HSR九州が主催しているアマチュアレース「鉄馬(てつうま)」に今年から新設される、GB350ワンメイクレースへの参戦を表明しているモリワキエンジニアリング。その参戦ライダーを一般から公募するというチャレンジは以前にレポートしたが、このたびライダーが決定し、いよいよプロジェクトがスタートする運びとなった。
●文:ヤングマシン編集部 ●外部リンク:モリワキエンジニアリング
選ばれたのは28歳の主婦
モリワキの「GB350プロジェクト」とは、鉄馬のGB350ワンメイクレースにモリワキが参戦し、そのライダーを一般公募で決めるという驚きの企画。応募に必要なのは「モリワキのレーシングライダーになりたい!」という想いだけで、モリワキが製作するレース用GB350が貸与されるのはもちろん、参戦に必要な装具類や消耗品、交通費に至るまでモリワキと当企画の協賛メーカーが負担するという、まさにレーシングライダーへの憧れや夢を叶えてくれるプロジェクトなのだ。
この企画が今年の1月1日にWEBヤングマシン上で発表されると、モリワキには応募が殺到。その層は10代から60代まで幅広く、レース経験の有無も含めてスキルも様々で、最終的には1月18日の締切までに全国各地から応募が寄せられたとのこと。応募者の熱量はみな非常に高く、モリワキ側も選考には非常に頭を悩ませたそうだが、厳正なる書類選考とWEB面接を経て、最終的には東京都の主婦・金子美寿々さん(28)が選出された。
金子さんは5歳から12歳までポケバイやミニバイクレースを経験し、10歳のときにはポケバイ全日本大会のトップクラスで優勝するなど、プロライダーを目指していた過去を持つ。
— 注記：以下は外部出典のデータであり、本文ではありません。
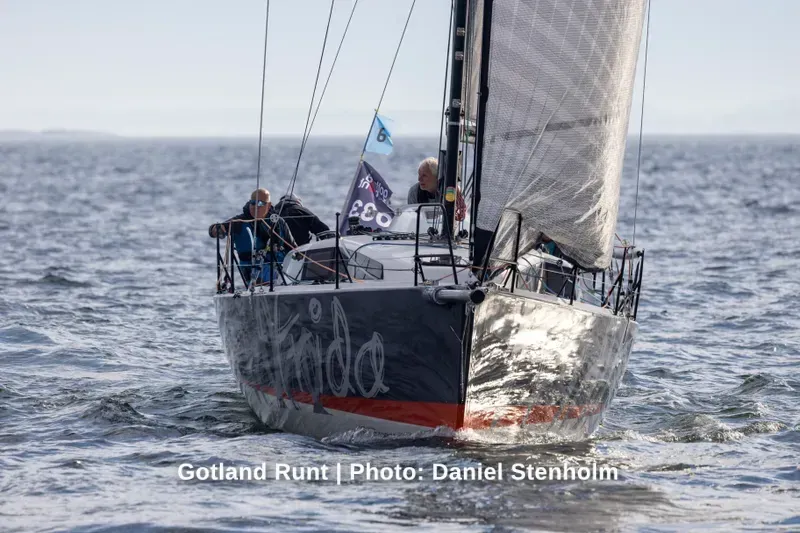260628_Gotland-Runt_Foto-Daniel-Stenholm_DS5R8621.jpg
しかし、12歳のときに共にレースを戦ってきた父親が他界したのをきっかけに夢を断念。以来バイクからは離れていたものの、26歳のときに命に関わる難病を患ったことでバイクへの思いが再燃、免許を取得してライダーに復帰し、さらにミニバイクレースにも再参戦を始めた…という女性だ。
現在の夢を「HRC GROM CUPのグランドチャンピオンシップで優勝すること」と語る金子さんは、3児の母親でもあり、子供を学校に送ったその足でサーキットに練習に向かう…という、子育てにもレースにも全力投球の生活を送っている。そのパワフルな姿にモリワキ側も強く心打たれ、今回の選出につながったという。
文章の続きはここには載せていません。